= HOW TO COMPLETE THIS TASK =
In the entries below, find the line with "Cali Double Strand Herringbone Necklace" and the line with "Áo thun sọc F21 - Mẫu 01". Return those two lines and all lines between them, exactly.

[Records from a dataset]
++++++++++++++++++++

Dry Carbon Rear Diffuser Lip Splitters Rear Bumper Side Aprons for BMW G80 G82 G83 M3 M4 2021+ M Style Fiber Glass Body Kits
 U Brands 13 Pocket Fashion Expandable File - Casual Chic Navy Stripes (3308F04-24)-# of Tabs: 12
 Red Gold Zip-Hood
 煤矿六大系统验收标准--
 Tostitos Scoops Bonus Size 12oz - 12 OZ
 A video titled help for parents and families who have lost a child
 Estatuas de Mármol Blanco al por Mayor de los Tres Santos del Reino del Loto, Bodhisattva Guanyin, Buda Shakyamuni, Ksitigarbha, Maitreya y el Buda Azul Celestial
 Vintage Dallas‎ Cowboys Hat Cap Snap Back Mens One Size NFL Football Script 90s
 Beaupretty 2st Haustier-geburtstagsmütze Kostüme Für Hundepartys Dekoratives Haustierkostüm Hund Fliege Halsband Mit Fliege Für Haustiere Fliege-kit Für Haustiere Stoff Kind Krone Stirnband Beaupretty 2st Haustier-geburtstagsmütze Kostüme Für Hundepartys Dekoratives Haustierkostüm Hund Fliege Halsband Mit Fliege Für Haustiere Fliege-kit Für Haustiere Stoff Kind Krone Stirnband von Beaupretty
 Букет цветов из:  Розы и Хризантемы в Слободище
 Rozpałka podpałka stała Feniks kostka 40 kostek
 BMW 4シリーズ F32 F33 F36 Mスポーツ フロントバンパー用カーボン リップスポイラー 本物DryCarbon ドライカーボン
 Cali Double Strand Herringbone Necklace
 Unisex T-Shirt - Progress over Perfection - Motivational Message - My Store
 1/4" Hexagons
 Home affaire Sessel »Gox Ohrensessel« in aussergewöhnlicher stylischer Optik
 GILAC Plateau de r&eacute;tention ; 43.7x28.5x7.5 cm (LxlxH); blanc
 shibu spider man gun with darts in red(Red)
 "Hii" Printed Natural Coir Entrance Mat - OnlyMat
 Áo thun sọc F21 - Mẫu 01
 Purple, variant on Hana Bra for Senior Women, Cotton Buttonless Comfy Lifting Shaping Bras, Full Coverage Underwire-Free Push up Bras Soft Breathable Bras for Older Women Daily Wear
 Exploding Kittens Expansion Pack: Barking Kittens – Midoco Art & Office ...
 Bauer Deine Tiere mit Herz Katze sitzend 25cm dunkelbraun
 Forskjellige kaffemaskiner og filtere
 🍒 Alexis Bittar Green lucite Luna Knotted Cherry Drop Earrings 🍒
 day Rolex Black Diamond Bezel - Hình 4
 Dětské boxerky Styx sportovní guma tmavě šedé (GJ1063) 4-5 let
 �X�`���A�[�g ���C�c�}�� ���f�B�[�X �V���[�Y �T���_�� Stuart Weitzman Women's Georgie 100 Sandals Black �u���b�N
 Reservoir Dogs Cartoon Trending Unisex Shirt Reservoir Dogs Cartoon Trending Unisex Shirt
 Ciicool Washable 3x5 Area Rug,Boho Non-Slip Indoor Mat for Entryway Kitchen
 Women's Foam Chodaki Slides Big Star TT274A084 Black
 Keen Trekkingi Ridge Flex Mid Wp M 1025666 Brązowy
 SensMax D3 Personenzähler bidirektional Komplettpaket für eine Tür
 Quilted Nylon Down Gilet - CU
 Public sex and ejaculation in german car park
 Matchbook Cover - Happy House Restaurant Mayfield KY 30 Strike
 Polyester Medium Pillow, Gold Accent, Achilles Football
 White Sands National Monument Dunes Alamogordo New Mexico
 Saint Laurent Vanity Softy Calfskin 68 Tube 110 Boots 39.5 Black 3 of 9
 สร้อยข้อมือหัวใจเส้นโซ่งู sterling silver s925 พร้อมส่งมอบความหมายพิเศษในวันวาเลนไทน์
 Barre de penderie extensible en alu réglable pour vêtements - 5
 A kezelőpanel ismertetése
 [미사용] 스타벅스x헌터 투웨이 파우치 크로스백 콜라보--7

++++++++++++++++++++

= THE COMPLETED TASK =
 Cali Double Strand Herringbone Necklace
 Unisex T-Shirt - Progress over Perfection - Motivational Message - My Store
 1/4" Hexagons
 Home affaire Sessel »Gox Ohrensessel« in aussergewöhnlicher stylischer Optik
 GILAC Plateau de r&eacute;tention ; 43.7x28.5x7.5 cm (LxlxH); blanc
 shibu spider man gun with darts in red(Red)
 "Hii" Printed Natural Coir Entrance Mat - OnlyMat
 Áo thun sọc F21 - Mẫu 01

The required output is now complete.